Totally worth the long download wait. Amazing sounds


----------



## StatKsn

Is it possible to add KS for choir (marc/stac) patches? I can remove RRs to trigger specific syllable (though a bit of pain) but it seems it is strange not to have KS. Other than that the brass is BLISS!


----------



## OT_Tobias

Hey folks,

there seems to be a small percentage of users (10 cases so far) for whom S3 is serving lots of corrupted links.
We are very sorry for this. Either S3 has an issue in the Data Centre we use, or the pre-Christmas stress is overloading their systems.
We are in contact with both Connect and Amazon to try resolve this. What makes it hard to reproduce is that only very few users seem to have these issues. I was completely unable to reproduce so far with my own systems. Also none of our beta testers had any such issues during beta.
Rest assured we will do all we can to bring light into this matter!
Of course your download codes will not expire and there is no maximum amount of tries to download!

best

Tobias
OT Support


----------



## davidgary73

Here's a simple track with only MA1.


----------



## AlexanderSchiborr

Hi guys, 

I did also a track which is the terminator theme. All done with MA 1 besides the guitars in the end which I recorded by myself. The approach was here not to make a close cover just to play around with the sounds of the library and to hail good old terminator times because I am a fan of the first and second movie and the iconic title theme.
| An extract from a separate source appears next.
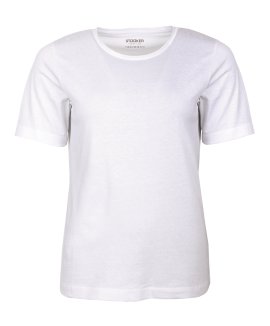 Damen T-Shirt Cara Weiß 40/42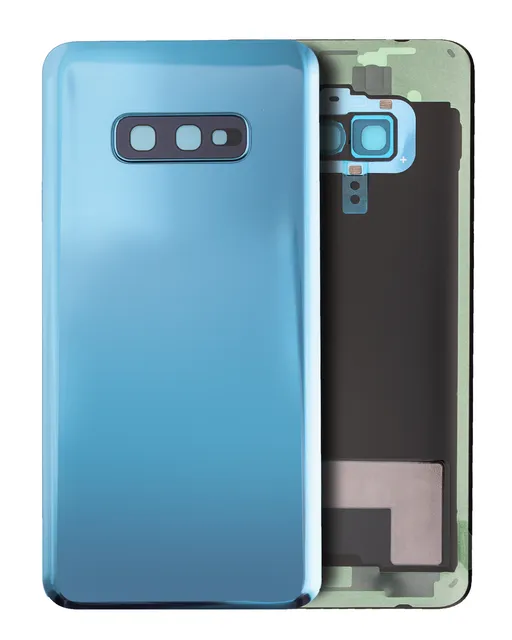 Zadní sklo se sklíčkem kamery pro Samsung Galaxy S10e (Service Pack) (Prism Blue)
The track is still a bit a work in progress, so nothing perfect at all but that is so far what I have. Hope you enjoy.


----------



## Polarity

My Continuata program re-downloaded just one rar file only, so no big deal on my side.
Played a bit yesterday afternoon before going out and I have to say that MA1 has a very powerful and good tone...
try to play the bass part of Darth Vader Theme or Terminator Theme kind of repetitive brass and you know what I mean. 
Very happy with it!

EDIT: already reworking my Universal MIDI Controller overlay relabeling all keyswithches buttons to make place for Metropolis Ark1 articulations  

Just one thing I find not understandable: in the Multi patches, Capsule is limited to 12 slots (fine), in the Strings High there are more than 12 articulations.... but just Tremolo Decrescendo can substitute the default articulations.
So I'm not able to do a multi patch with the two Glissando articulations in it if I want to use just one track to include them in my template.
Is it right?


----------



## ysnyvz

I installed and batch resaved it. I've been playing with it last few hours. It sounds even better than I expected. It makes you feel the orchestra and room. Legatos are smooth and agile. Spiccatos are tight. Great job Orchestral Tools! Fix your app Continuata!


----------



## Anthony N.Putson

This library is simply ....sensational! Sensational.


----------



## 1982m

Continuata worked great here.
I even closed it, re-booted to a different os then continued to download them from there.
I did this several times all w/o issue.


----------



## Daniel James

I just wrote a track using the library in preparation for when I do an actual overview video. You can hear it below. Loving this lib!



-DJ


----------



## mc_deli

Cheers DJ. Nice one as usual.


----------



## ysnyvz

I made a little experiment with it:


----------



## Waywyn

such an awesome library! It was a "nobraining Instabuy" for sure! 
Regarding the issues, just wanted to point out that I had those too, but I noticed that my online backup service was just running. Turning this off, solved my problems!


----------



## germancomponist

This library seems to be a killer! Congrats, OT!


----------



## Per K

Made my first "real" track with MA1
Added solo piano, woodwinds and percussion from other libraries.


----------



## mverta

Digging this library. Putting it in a score right now.


----------



## soundmasterlee

soundmasterlee said:


> Did not download issues as much as playing issues all of the swell and crescendos have some sort of release bug play the note through the swell and when you release the note it plays a ghost note? it's like it plays a second note after the swells or crescendos and that's all of the patches including horns,strings etc.. and lastly the multi bass has no audio the guitars have a velocity issue anything played over 10 velocity makes a strange muted sound and under 10 plays the sample I'm nor sure if this is a bad download but this is really frustrating... Love the sounds just very unplayable at the moment not sure what to do any Ideas??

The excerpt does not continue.